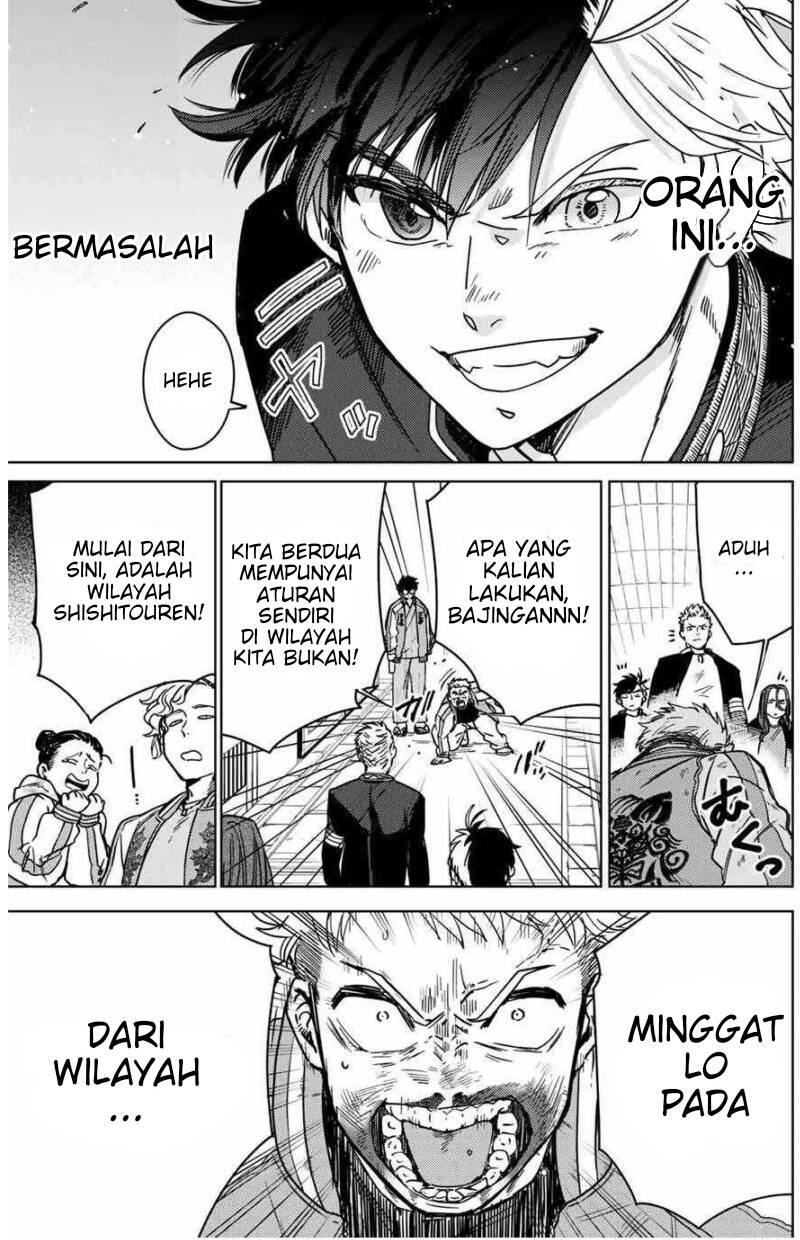 Wind Breaker Chapter 006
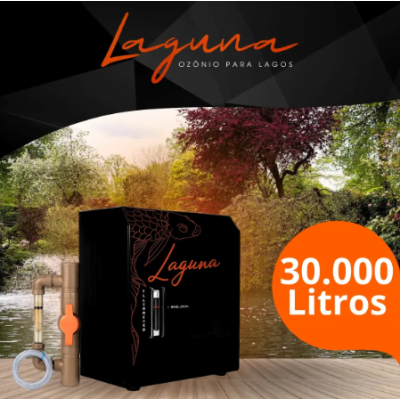 Ozônio Para Lagos e Aquários Laguna30 - Até 30 Mil Litros - Marca Ozon3 Ozônio Para Lagos e Aquários Laguna30 - Até 30 Mil Litros - Marca Ozon3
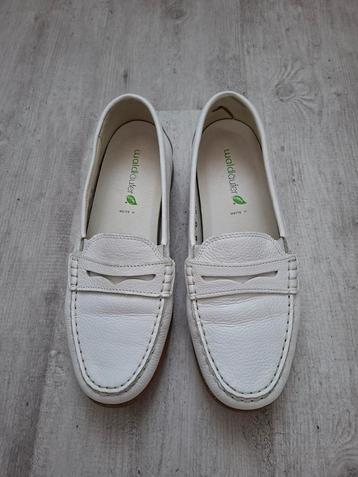 Waldläufer Loafers Dames - Maat 39 - Wit - Zo Goed Als Nieuw beschikbaar voor biedingen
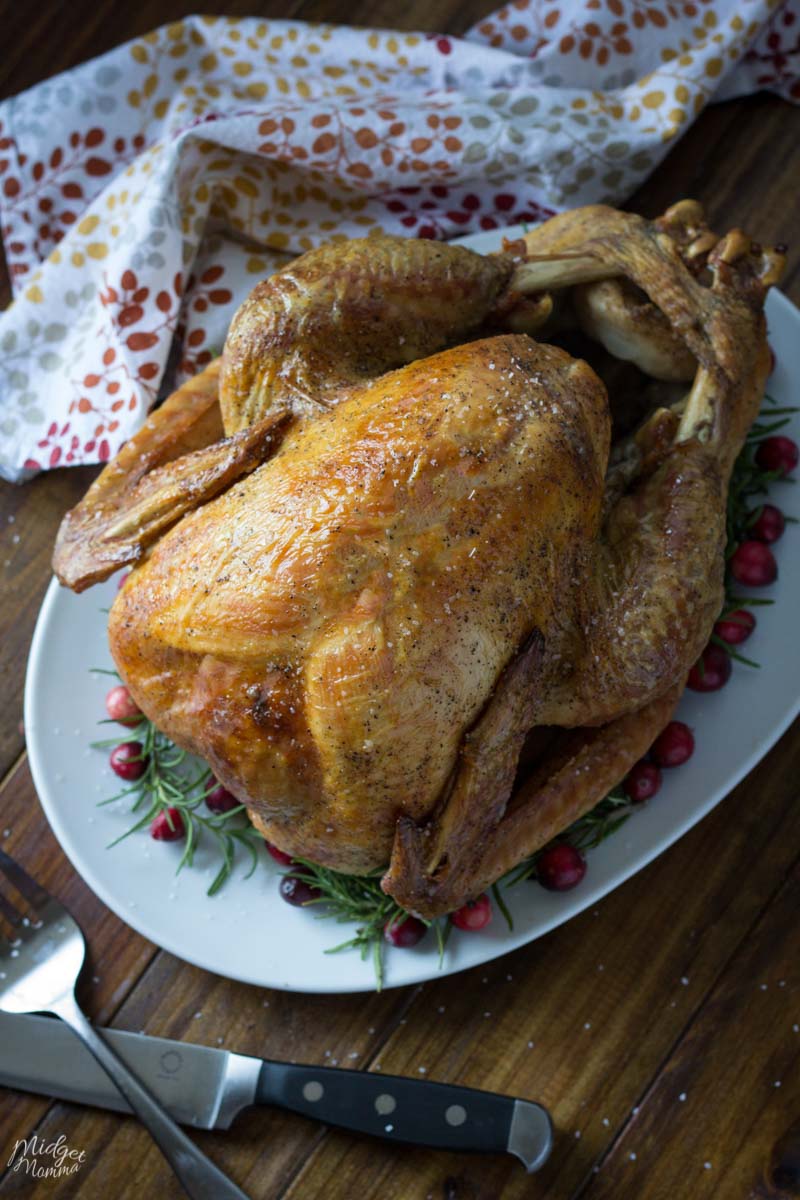 How to Dry Brine a Turkey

[EXERCISE PROMPT]
Lines from the one that contains "Waldläufer Loafers Dames" to the final line of the material are the whole answer. Reproduce them word for word and skip the pictures.

[RESULT]
 Waldläufer Loafers Dames - Maat 39 - Wit - Zo Goed Als Nieuw beschikbaar voor biedingen
 How to Dry Brine a Turkey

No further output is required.